DISCLAIMER: All opinions in this column reflect the views of the author(s), not of EURACTIV Media network.

Around 25 million children face poverty today in the European Union. [luxorphoto/Shutterstock]

When one in four children in the EU is growing up at risk of poverty and social exclusion, investing in children is an economic necessity as much as a moral imperative, writes Jana Hainsworth.

Jana Hainsworth is Secretary General of Eurochild.

The funding proposals that the European Commission will launch in the coming days should help deliver on the high-level political commitment to the European Pillar of Social Rights. Unfortunately, the drafts we have seen fall short of that ambition, in particular with respect to Principle 11, which aims to protect children from poverty.

One in four children in the European Union is growing up at risk of poverty and social exclusion – some 26 million children. For many, the experience of poverty in childhood will compromise their full development, and lock them into a cycle of poverty and deprivation.  Investing in children is both a moral imperative and economic necessity.

The European Commission issued excellent guidance on the policy reforms needed to break the cycle of disadvantage in its 2013 Recommendation on Investing in Children. However, implementation has been patchy and the EU’s cohesion policy has not been used to its full potential. There is an urgent need to bridge the gap between the agenda-setting policy work of the EU and its funding priorities. Ahead of the release of the financial instrument regulations in the last week of May, we have written an open letter to Marianne Thyssen, Commissioner for Employment, Social Affairs, Skills and Labour Mobility, Corina Cretu, Commissioner for Regional Policy and Martin Selmayr, Secretary-General of the European Commission to make the following key demands.

We are calling for explicit mention of tackling child poverty within the investment priorities of the ESF+ regulations.

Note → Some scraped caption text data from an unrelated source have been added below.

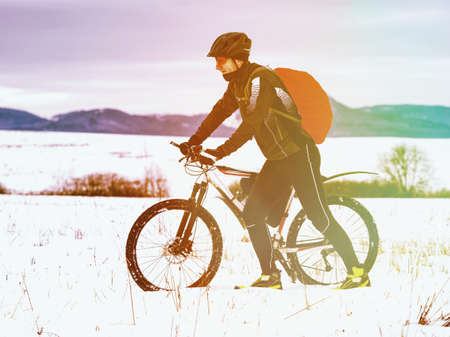 Sport cyclist pushing bike in the hardest and snowy landscape during winter. Abstract lighting, colorful flare.の写真素材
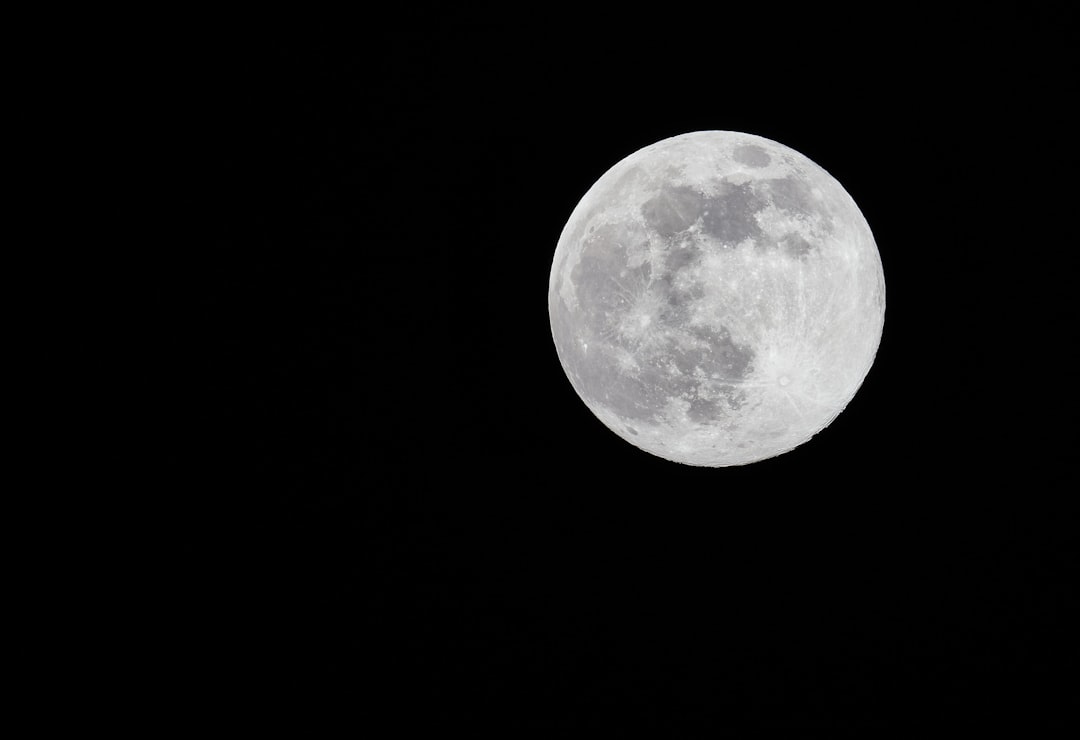 full moon in dark night sky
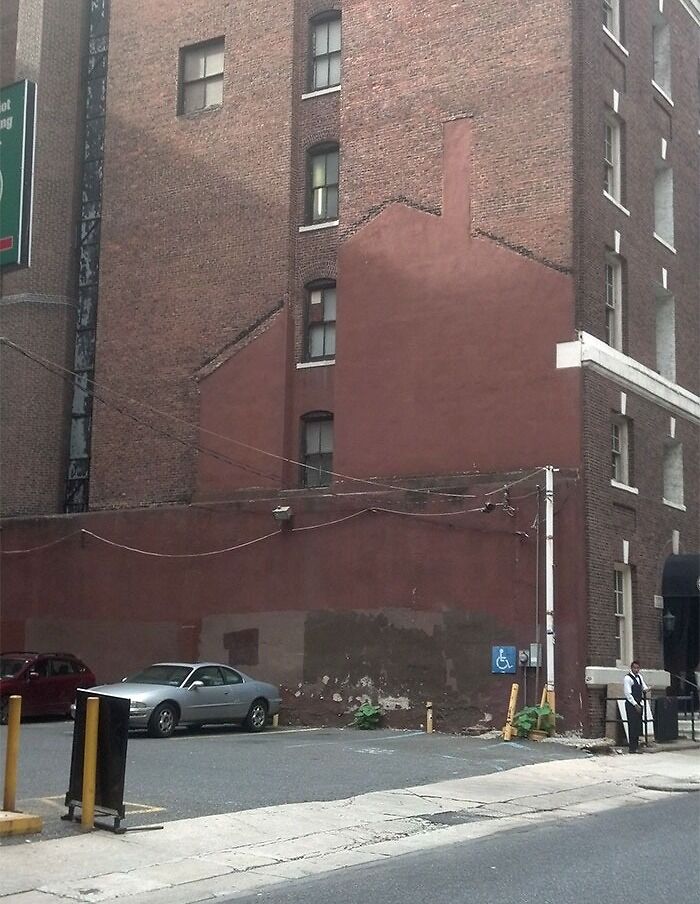 Unused parking area beside a brick building, showing the faded outline of a removed building, transformed by time and use.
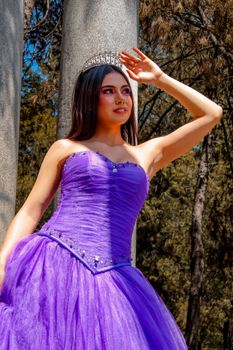 Woman in a purple dress with a tiara enjoys a sunny day outdoors in Mexico City.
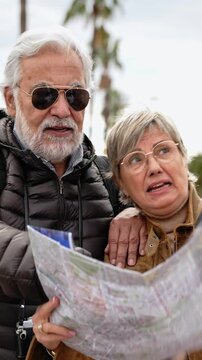 Senior couple of tourists sightseeing city street with map. Happy husband and wife enjoying vacation together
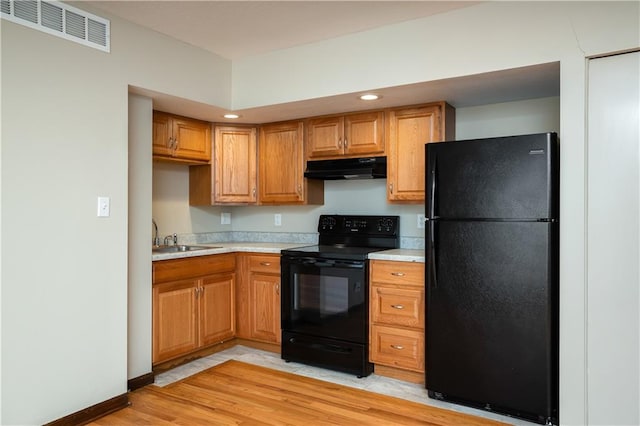 kitchen featuring light tile flooring, black appliances, and sink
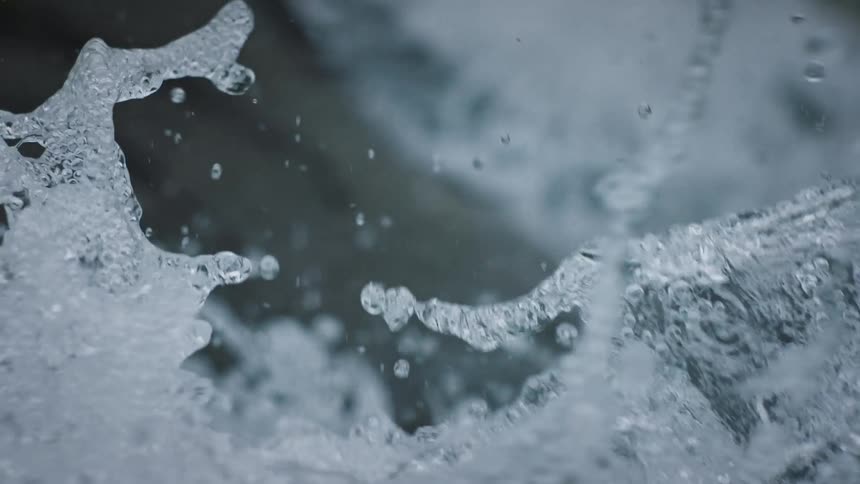 Splashes of flowing strong water from a falling river in slow motion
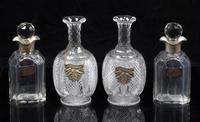 A Group of Cut Glass Decanters Height of first pair 9 1/4 inches.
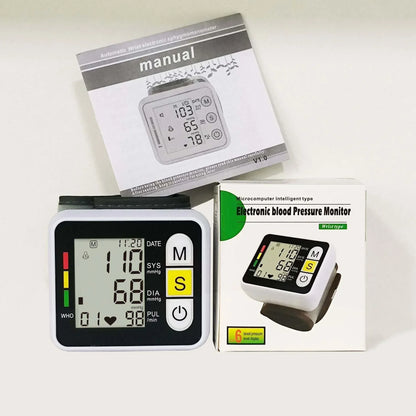 Digital wrist blood pressure monitor with LCD display for heart rate and pulse
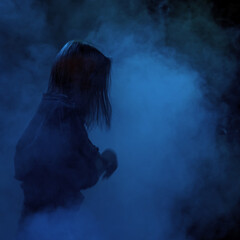 A girl with long hair in smoke in the spotlight. Low key. Soft focus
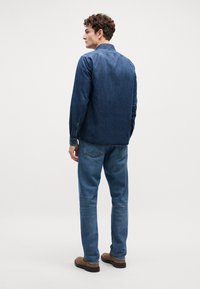 Tumša džinsa krekla ar pogām, valkāta virs gaišām džinsu biksēm. Apģērbs ir brīvā piegriezumā un vienkāršā dizainā. Izskatu papildina brūni apavi.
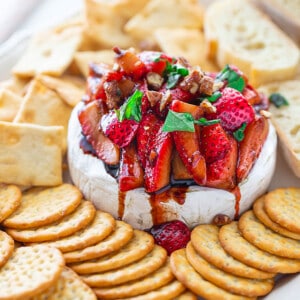 Side shot of a pile of Balsamic Strawberries piled on baked brie served with an assortment of gluten-free crackers and toasted baguettes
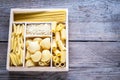 Various types of pasta in the wooden container Royalty Free Stock Photo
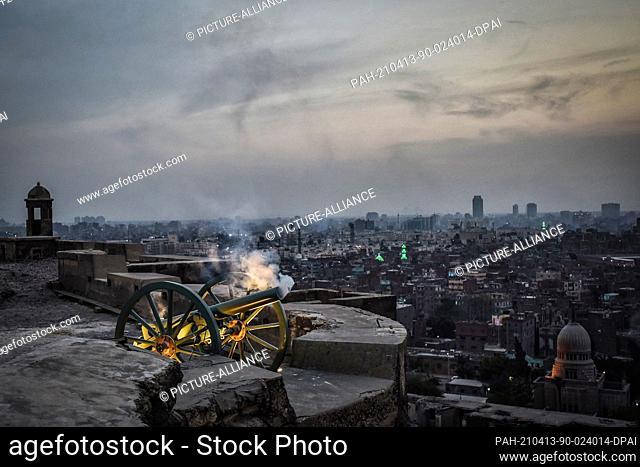 13 April 2021, Egypt, Cairo: Ramadan cannon is fired at sunset to signal the end of the first fasting day of the Muslim holy fasting month of Ramadan
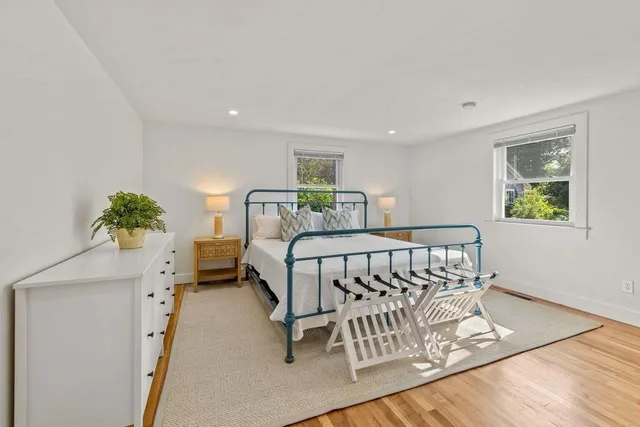 a bedroom with a bed and a table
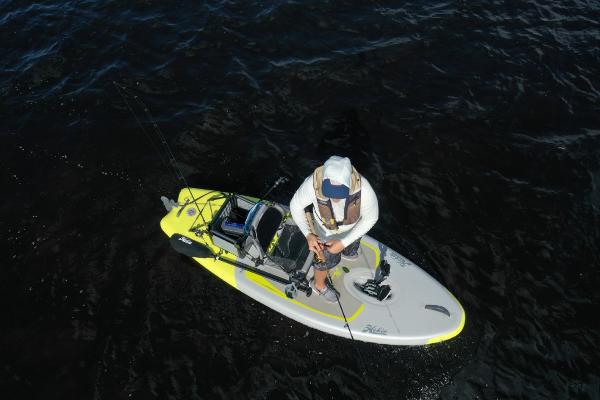 Slide: The Image of Aerial view of a person fishing on a 2023 Hobie iTrek 9 Ultralight kayak. - 8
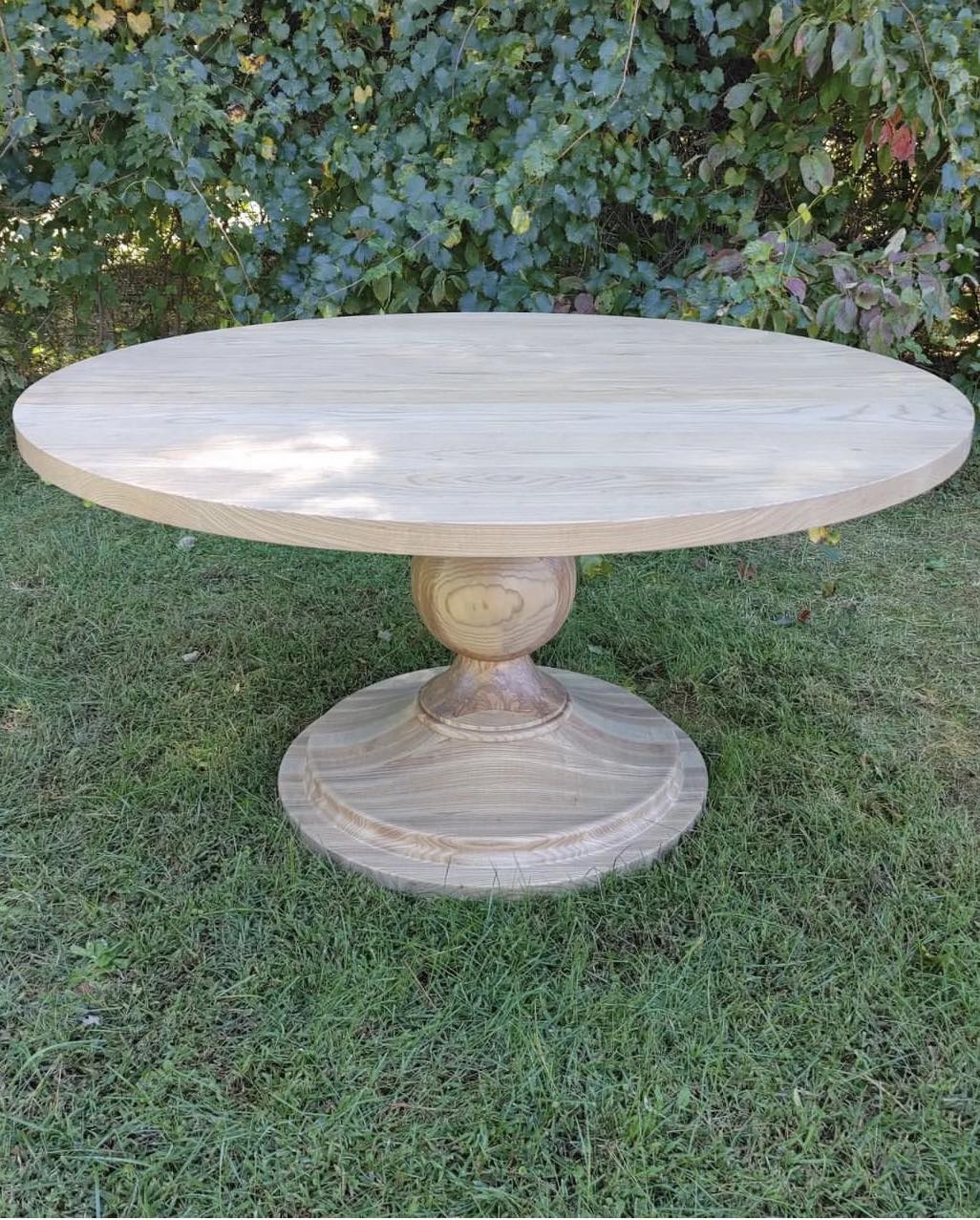 Solid ash 60" circular table with weathered oak stain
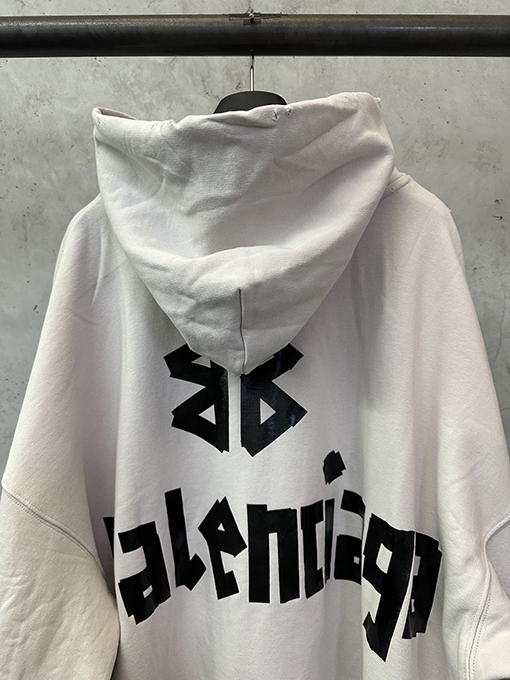 バレンシアガ Balenc1aga テーププリントのフード付きスウェットシャツ
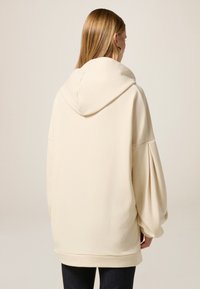 Hoodie oversize crème avec une grande capuche, des épaules tombantes et des manches bouffantes. L'ourlet contrastant complète le design décontracté.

We believe this will make a significant difference to the take-up by Member States of EU funding for this purpose and can catalyse much needed reforms.

We must also build on the positive experiences of this funding round.  For example under the current thematic objective of “promoting social inclusion, combating poverty and any discrimination”, Member States “with an identified need” are required to include the transition from institutional to community-based care in their poverty reduction strategies. This has allowed countries such as Romania, Bulgaria or Latvia to prioritise deinstitutionalisation reforms and to invest heavily in child protection and welfare reforms to prevent the unnecessary separation of children from their families and to develop family-based, high-quality care alternatives. The next round of funding should support development of community-based services in all countries, not only those with “an identified need”.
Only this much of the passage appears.